Alexander Dobrindts Vorwurf einer "Anti-Abschiebe-Industrie" hallt nach. Gerade auch die Überprüfung von Asylbescheiden gehöre zu einer unabhängigen Justiz, so die BRAK, die jetzt Stellung bezog.
Die Bundesrechtsanwaltskammer (BRAK) weist die von CSU-Landesgruppenchef Alexander Dobrindt im Zusammenhang mit Asylverfahren wiederholt gegen die deutsche Anwaltschaft erhobenen Vorwürfe mit Nachdruck zurück. Er hatte behauptet, eine "Anti-Abschiebe-Industrie" nutze die Mittel des Rechtsstaates, um ihn durch eine bewusst herbeigeführte Überlastung von innen heraus zu bekämpfen. 2015 seien die Grenzen überrannt worden, jetzt versuchten "Abschiebe-Saboteure" das gleiche mit den Gerichten.
Bereits direkt nach Dobrindts Interview hat der Vorsitzende des Ausschusses für Asyl- und Ausländerrecht der BRAK, Rechtsanwalt Dr. Stephan Hocks, sein Befremden über die Begrifflichkeit geäußert. "Diese Ausdrucksweise verärgert mich, weil sie unterstellt, dass es Anwälte und Berater gibt, die aus kommerziellen Interessen Abschiebungen verhindern. Der Ausdruck 'Industrie' suggeriert etwas organisiertes, massenhaftes und gewinnorientiertes. Berater und Anwälte, die sich für Asylsuchende einsetzen, tun dies im Einzelfall und aus berechtigten Gründen – und sie schwimmen weiß Gott nicht in Geld", konstatierte Hocks.

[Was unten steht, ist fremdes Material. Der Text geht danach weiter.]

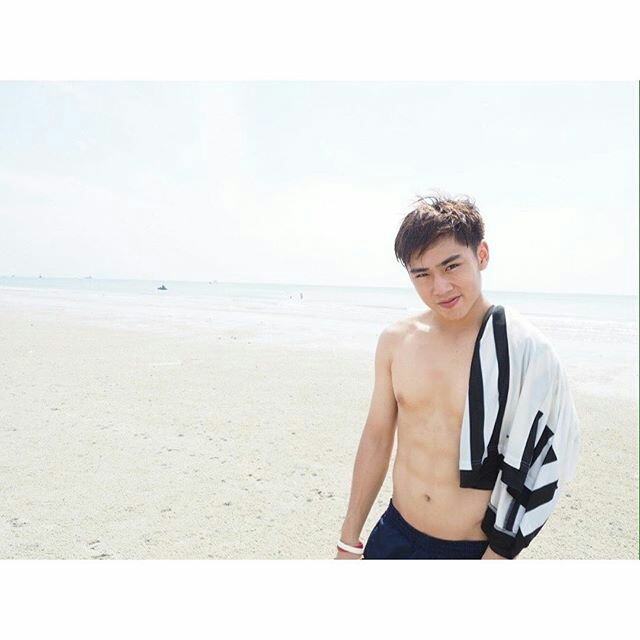 ส่อง IG ผู้ชายแซ่บ 2016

"Anwaltschaft bekämpft nicht den Rechtsstaat"
Auch BRAK-Vizepräsident Rechtsanwalt und Notar Dr. Thomas Remmers hat keinerlei Verständnis für die am Wochenende mit anderer Wortwahl wiederholte Behauptung, die Anwaltschaft sabotiere Abschiebungen. "Es gehört zu den verfassungsrechtlich geschützten Grundsätzen in Deutschland, dass sämtliche staatlichen Entscheidungen einer Überprüfung durch die unabhängige Justiz unterworfen werden können. Dies gilt selbstverständlich auch für alle Asylbescheide oder sonstigen Entscheidungen über aufenthaltsrelevante Fragen", so Remmers.

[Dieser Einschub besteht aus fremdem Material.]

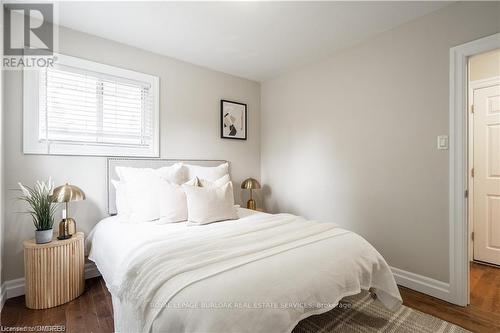 Upper - 34 Briarwood Crescent, Hamilton, ON - Indoor Photo Showing Bedroom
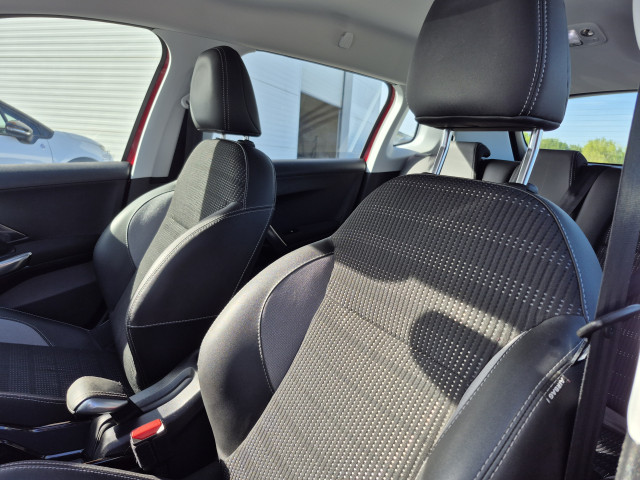 Peugeot Peugeot 2008 1.2 110 cv ALLURE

Sicher gebe es einige Probleme bei der Verfahrensdauer sowohl in der Verwaltung als auch bei den Gerichtsverfahren. Unzureichende Ressourcen für Verwaltung und Justiz seien aber ein Problem der Politik, nicht aber der Vielzahl von engagierten Beamten und Verwaltungsmitarbeitern oder der in diesem Bereich tätigen Richterschaft.
"Und schon gar nicht ist die Anwaltschaft für diese Probleme verantwortlich: Denn alle Anwältinnen und Anwälte […] bekämpfen nicht den Rechtsstaat, sondern setzen ihn um und tragen so zum gesellschaftlichen Frieden bei. Eine Pauschalverurteilung der gesamten Anwaltschaft verbietet sich also", resümiert Remmers.